10 March 2021

MP raises prospect of tougher press regulation over Meghan’s treatment

10 March 2021

Tougher regulation of the press could be needed after the Duchess of Sussex was “hounded” in the media, a senior MP has warned.

Labour’s Holly Lynch said legislators had repeatedly backed a voluntary approach to press regulation as their preferred option, but claimed that had failed and it was time to start considering: ‘What next?’

The MP added that freedom of the press should come with a responsibility not to engage in what she claimed was the “aggressive bullying” faced by Meghan.

Ms Lynch, who co-ordinated a letter signed by more than 70 women MPs in support of Meghan in 2019, suggested legislation may ultimately be needed to make the press take responsibility for its coverage of high-profile women.

The letter criticised the “outdated, colonial undertones” in some of the coverage.

“What we said in that letter was there’s got to be an integrity to the British press, to know when something is in the public interest or when it is just tearing down a woman in public life for no reason,” the Halifax MP told the PA news agency.

“Some of that will be harder to find very clear guidance, legislation (for), to make sure that happens in reality, but clearly we cannot have a position where a woman in public life finds that she is feeling suicidal because of the relentless nature of the attacks on her and on her character.

“So we need to find ways that we can create that environment where a woman isn’t hounded in the way that we saw Meghan Markle being hounded.”

She said MPs “do take the freedom of the press really seriously, but the freedom of the press comes with a responsibility to not be engaged in relentless and aggressive bullying of a woman, which is not about accountability, which is about tearing down somebody’s character for no good reason”.

Meghan and Harry (PA Wire)

“That’s where you have got to find that balance between responsibility within journalism and freedom of the press,” she said.

“I’m pleased to say there are lots of elements in the press who do find that balance, but there are just some that don’t.”

Ms Lynch, shadow immigration minister in Sir Keir Starmer’s frontbench team,  will discuss ways of raising the issue in Parliament on a cross-party basis with other signatories of the 2019 letter.

“I think finding some sort of space in Parliament to raise all of the different concerning elements of this in a debate would probably be an appropriate way forward,” she said.

Ms Lynch said legislators “have demonstrated time and time again that a voluntary approach is the preferred option but how long do you continue to let that fail before you have to recognise it has failed and say: ‘What next?'”

“We are in the very early stages of saying: ‘OK, what next?’, because we are certainly at that point.

Harry and Meghan (PA Media)

“Clearly, even that letter – whilst it was welcomed by the royal couple – didn’t change the behaviour of the press in the way that we hoped it would when we took that intervention.

“And if things like that aren’t working, that to me says appeals for change, appeals for better and a degree of self-regulation clearly is letting women like Meghan down.”

Ms Lynch said MPs had been motivated to intervene in 2019 because whilst Meghan is “to some extent empowered and in a privileged position” there were others, “perhaps women of colour, young girls” who did not have the same status who would be left feeling “isolated and alienated”.

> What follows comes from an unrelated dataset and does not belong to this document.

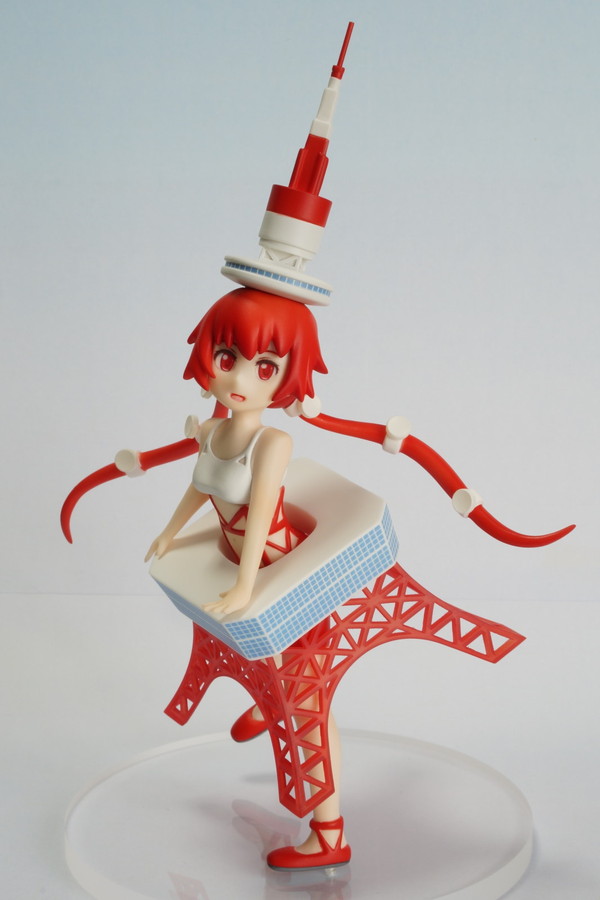 Tokyo Tower-chan, Original, Choukousoubiru Wo Mederukai Zoukeibu, Garage Kit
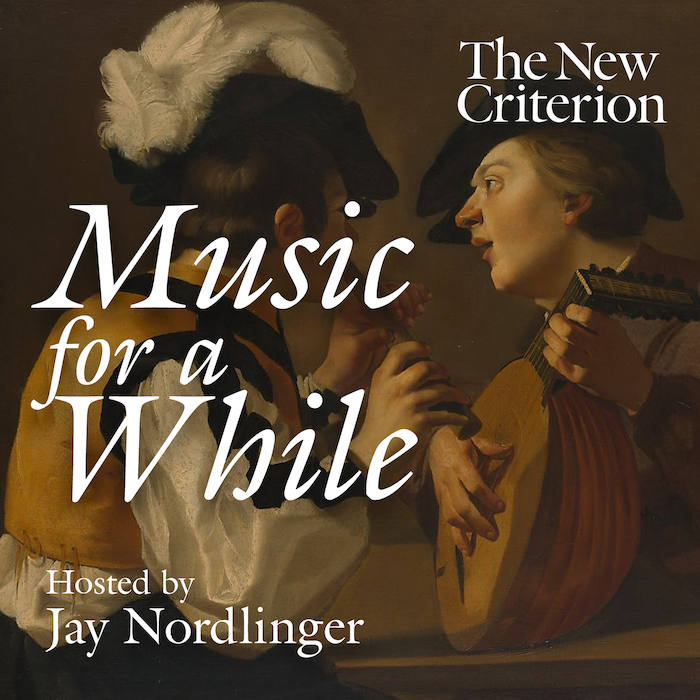Music for a While #30: A joyful jolt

“We have got a responsibility to all of the people who will be reading those headlines as well as Meghan who always was the direct target of it.”

The Society Of Editors released a strongly-worded statement following Harry and Meghan’s interview with Oprah Winfrey.

“The UK media has never shied away from holding a spotlight up to those in positions of power, celebrity or influence,” executive director Ian Murray said.

“If sometimes the questions asked are awkward and embarrassing, then so be it, but the press is most certainly not racist.”